Islamabad has been in the grip of an intense of “triumphalism” as the Taliban assumed power in Afghanistan following the withdrawal of US troops but “deep down” there are concerns as it could once again be in the spotlight for its direct links with terror outfits.
Pakistan based think tank Tabadlab estimated a cumulative real GDP loss of approximately $38 billion that Pakistan has incurred between 2008 and 2019 on account of FATF grey-listing.
Given that Islamabad has been making all attempts to come out of this list, it would hope that the Taliban 2.0 are different from the earlier avatar and that they put up a more liberal and inclusive face.
Former Indian High Commissioner to Pakistan TCA Raghavan, speaking at the webinar organised by India Writes Network, noted that while there is a sense of triumphalism in Pakistan at the defeat and “humiliation” of the US in Afghanistan, Islamabad too never expected the “unilateralist” Taliban to grab power so rapidly.
“I don’t think they expected quite such a walkover..and certainly, they are worried about the implications now of a Taliban, which is unilateralist, which is backward looking, which draws Western and the US negative sentiments, and makes Pakistan again, the eye of Western and American censure,” Raghavan said.
The China angle
Concerns for Beijing have also risen especially after the recent suicide attack at Gwadar in Balochistan province – close to the China-Pakistan Economic Corridor (CPEC) construction site. The attack was targeted at Chinese nationals. In another major setback, last month, a blast on a bus in Pakistan’s Khyber-Paktunkhwa in July left nine Chinese nationals dead.
“Undercurrents between the two allies (Pakistan and China) have emerged after the attacks …for China CPEC is a jewel in the crown and the latter will be closely monitoring security related issues…the recent attacks have suddenly changed the contours,” an analyst told India Narrative.
Taliban — A problem for Pakistan too
The Taliban comprise several factions, few of which are anti-Pakistan.
According to Brookings, the beneficiary of the collapse of the Afghan government is likely to be the Pakistan Taliban who have been at war with the Pakistani army for years. The Afghan Taliban that have a “murky relationship with their Pakistani fellow believers” are anti-Shiite. “That will increase sectarian tension in Pakistan which has a much larger Shiite population than Afghanistan,” the report said.
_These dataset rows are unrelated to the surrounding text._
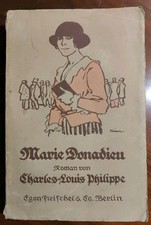 Charles-Louis Philippe - Marie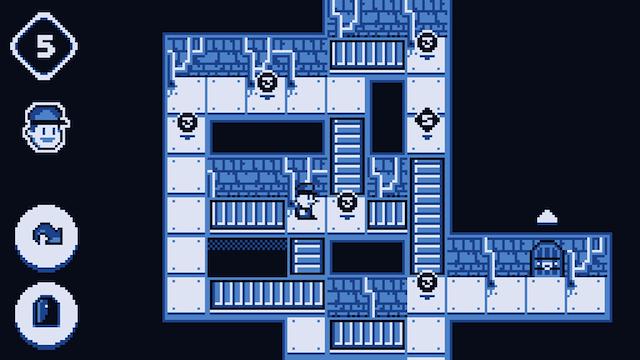 Image for the game Warlock's Tower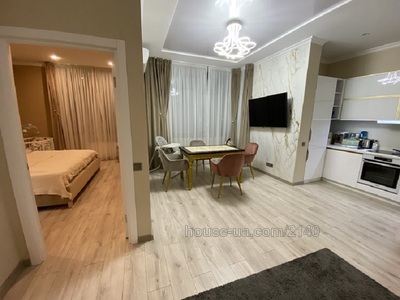 Buy an apartment, New Building, Truskaveckaya-ul-Osokorki, Kyiv, id 50387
“From whatever one knows about the history of the 1990s, controlling groups, controlling militias, such as the Mujahideen earlier, or the Taliban now, is not an easy process. So, I don’t think we should ever magnify the Pakistani establishment or the Pakistani military or the ISI to be supermen, that they can exercise the extent of control, which in fact, the Taliban itself does not have, over itself,” Raghavan said.
In a move that stumped Pakistan, the Taliban freed all 4000 fighters affiliated to the Tehrik-e-Taliban Pakistan (TTP). An earlier report by India Narrative said that the “TTP’s leaders are seen threatening Pakistan and promising to establish Khulafat system and Sharia in Pakistan.”
The TTP has been responsible for the majority deaths of civilians and security forces since 2007. In December 2014, it carried out a ghastly attack at Peshawar Army Public School leaving more than 130 children and staff members dead.